**WHAT YOU HAVE TO DO:** Copy each entry precisely as written, and do not carry over the pictures.
[Start of Attachment]
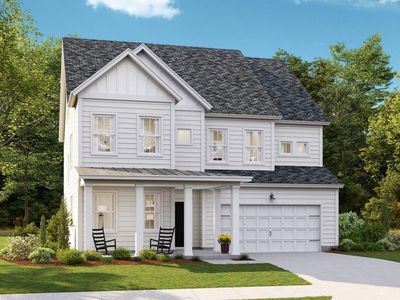 1044 Red Turnstone Run, Summerville, SC 29485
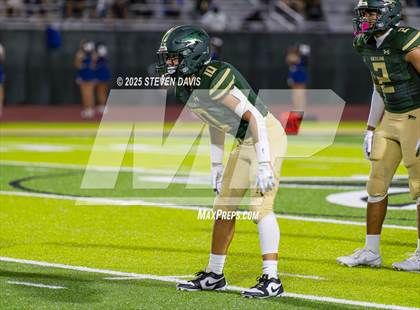 Thumbnail 3 in Dobson @ Skyline photogallery.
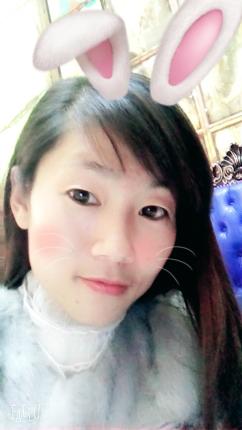 风子赛制氧机电路图_电路图分享 风子赛制氧机电路图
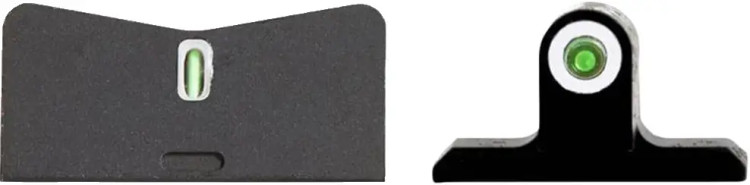 К-т Мушка/Целик XS Sights Tritium для SigSauer 225.226.228.229.P320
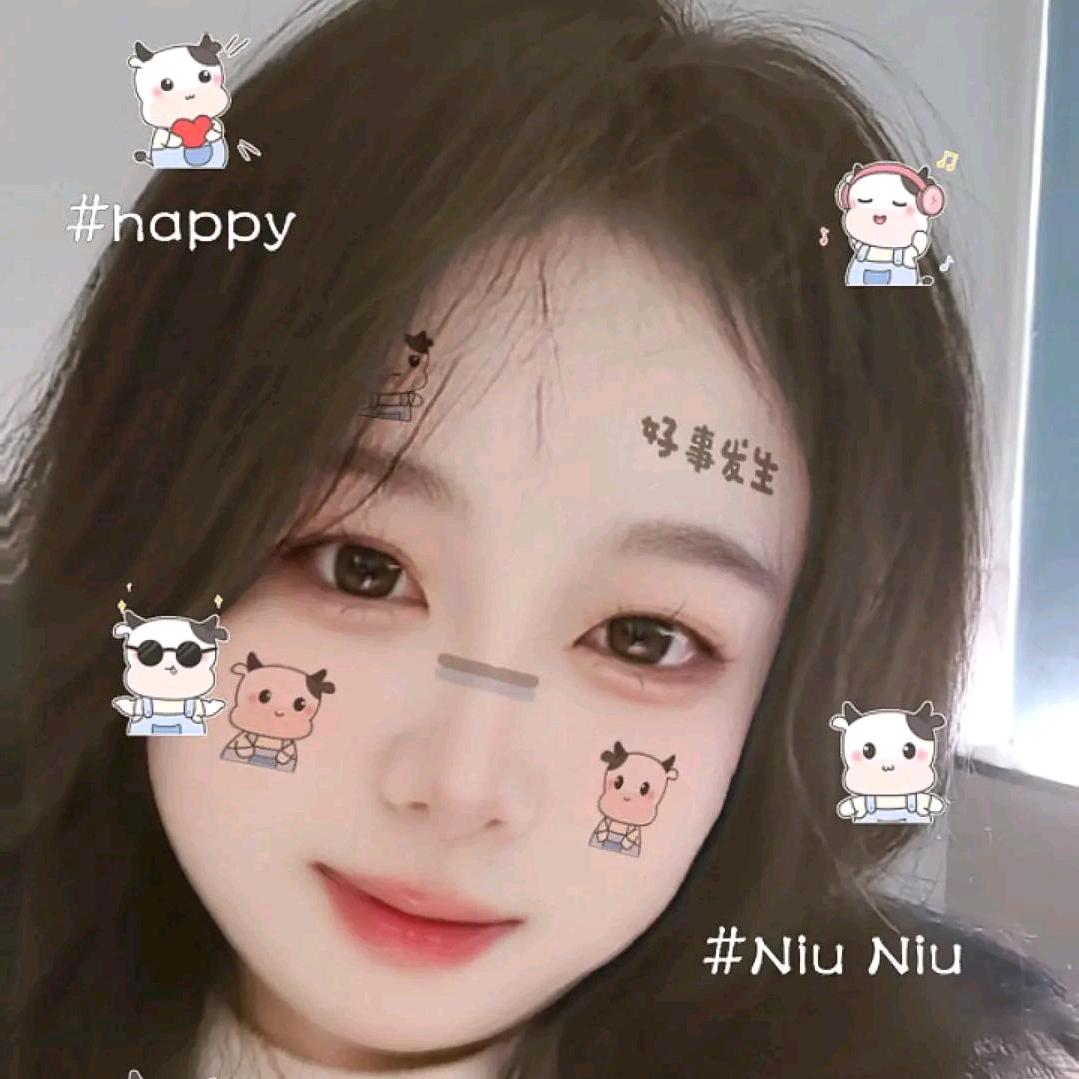 轩亮麻麻👨‍👩‍👦‍👦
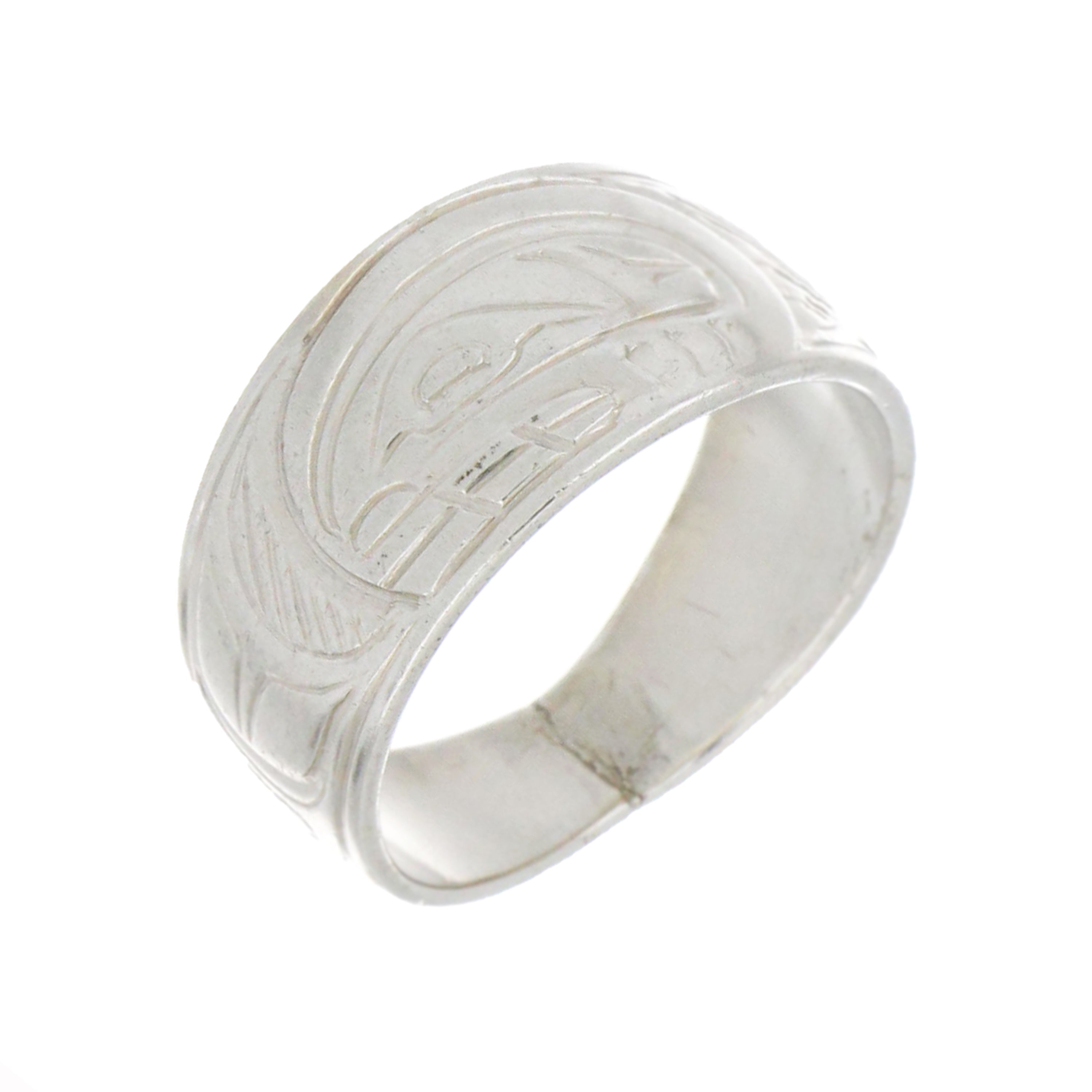 J&M Coin & Jewellery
[End of Attachment]
**YOUR SOLUTION:**
 1044 Red Turnstone Run, Summerville, SC 29485
 Thumbnail 3 in Dobson @ Skyline photogallery.
 风子赛制氧机电路图_电路图分享 风子赛制氧机电路图
 К-т Мушка/Целик XS Sights Tritium для SigSauer 225.226.228.229.P320
 轩亮麻麻👨‍👩‍👦‍👦
 J&M Coin & Jewellery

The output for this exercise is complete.